§ WORK REQUIRED
Please begin with the line containing "Danrem 082/CPYJ Terjunkan" and reproduce each line exactly until the records below end, without any pictures.

§ DATA FOR ANALYSIS
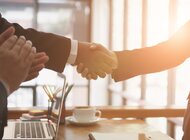 Bank Pekao S.A. uruchamia pierwszy w Polsce kredyt oparty na wskaźniku POLSTR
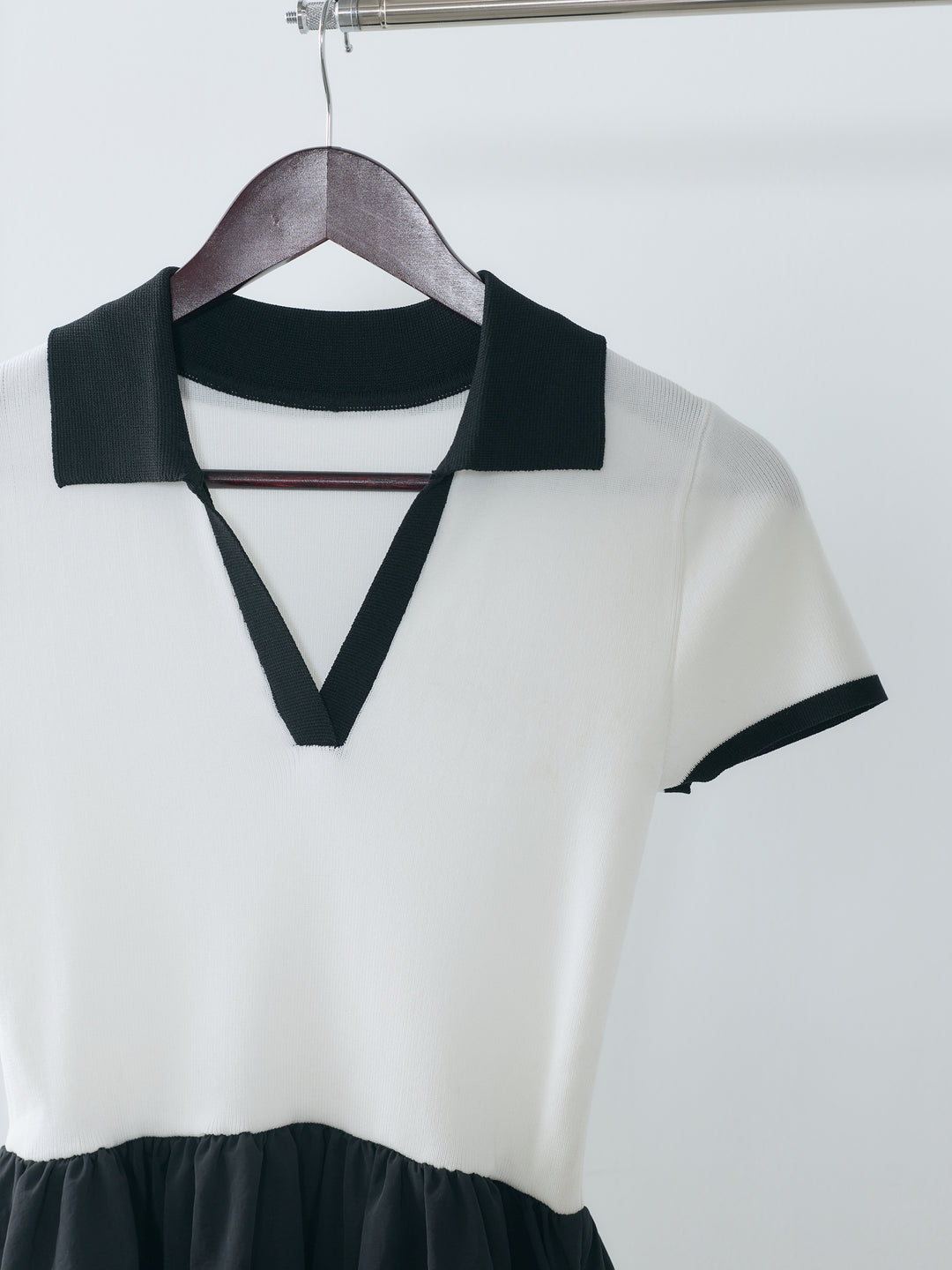 【Essential】POLO docking half sleeve one piece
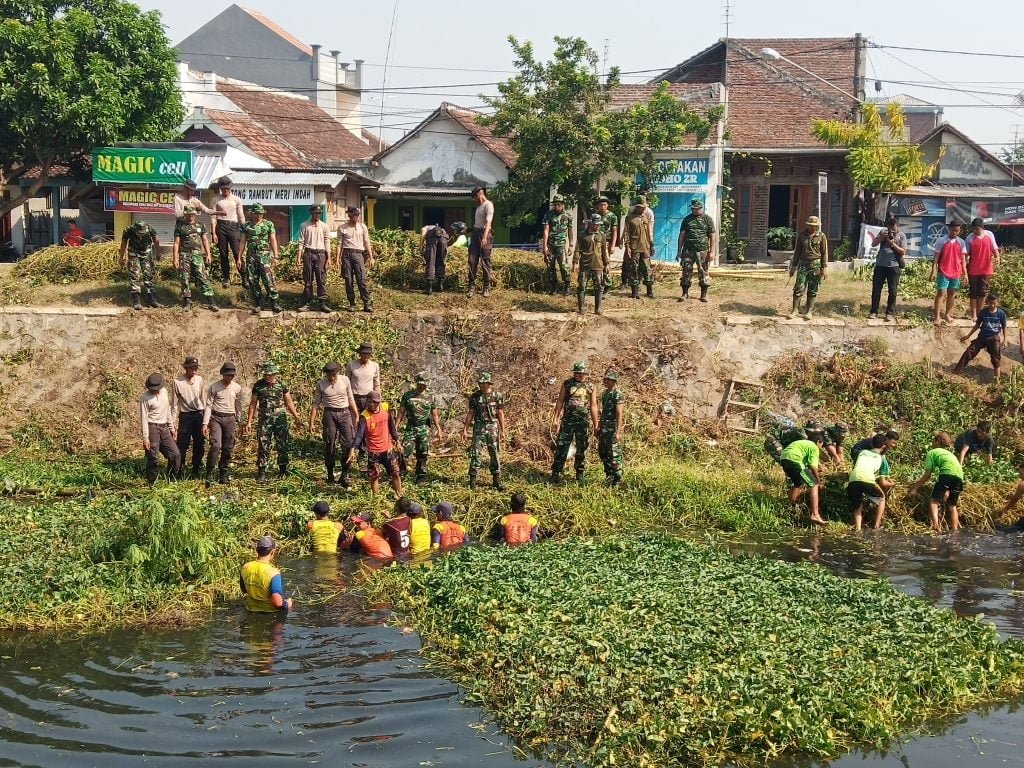 Danrem 082/CPYJ Terjunkan 1600 Personel Gabungan Wujudkan Kali Bersih.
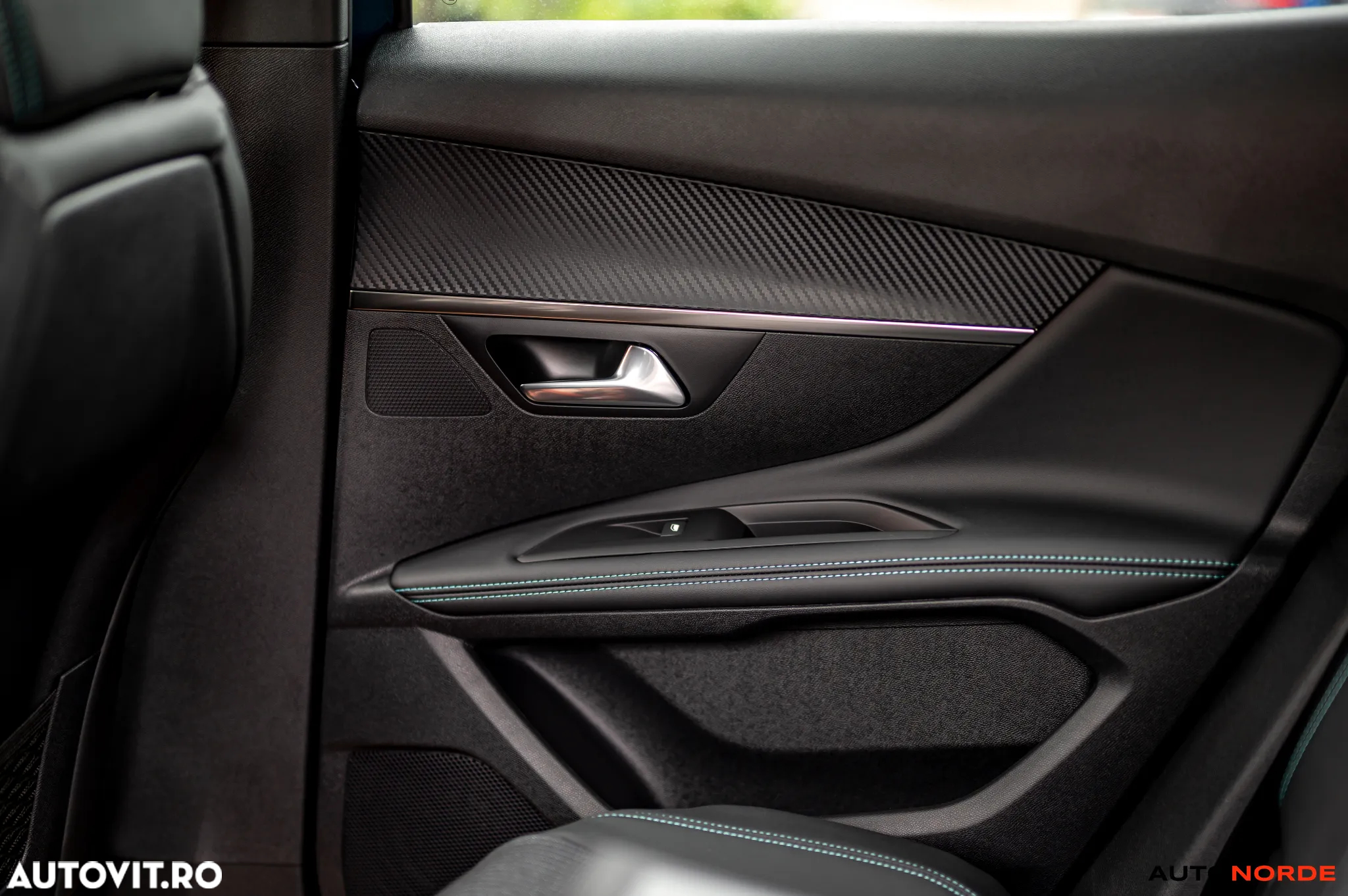 Peugeot 3008 Plug-In Hybrid 225 e-EAT8 Allure Pack - 37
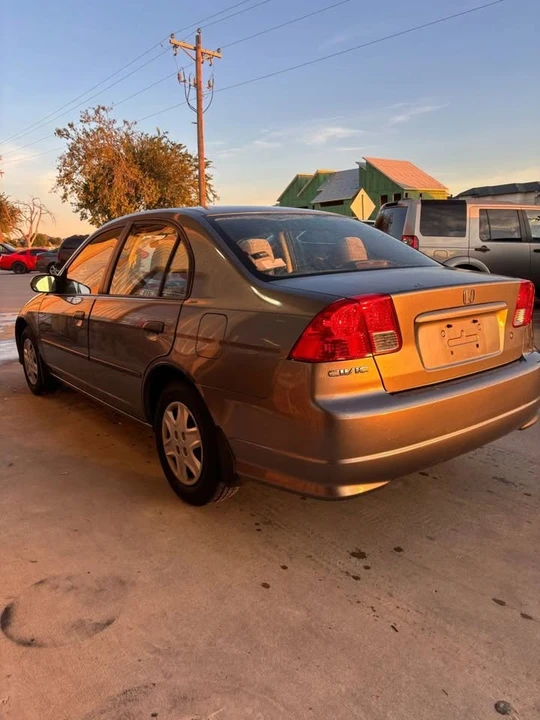 2005 Honda Civic 7th Gen - Image 13 of 20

§ FINAL ANSWER
 Danrem 082/CPYJ Terjunkan 1600 Personel Gabungan Wujudkan Kali Bersih.
 Peugeot 3008 Plug-In Hybrid 225 e-EAT8 Allure Pack - 37
 2005 Honda Civic 7th Gen - Image 13 of 20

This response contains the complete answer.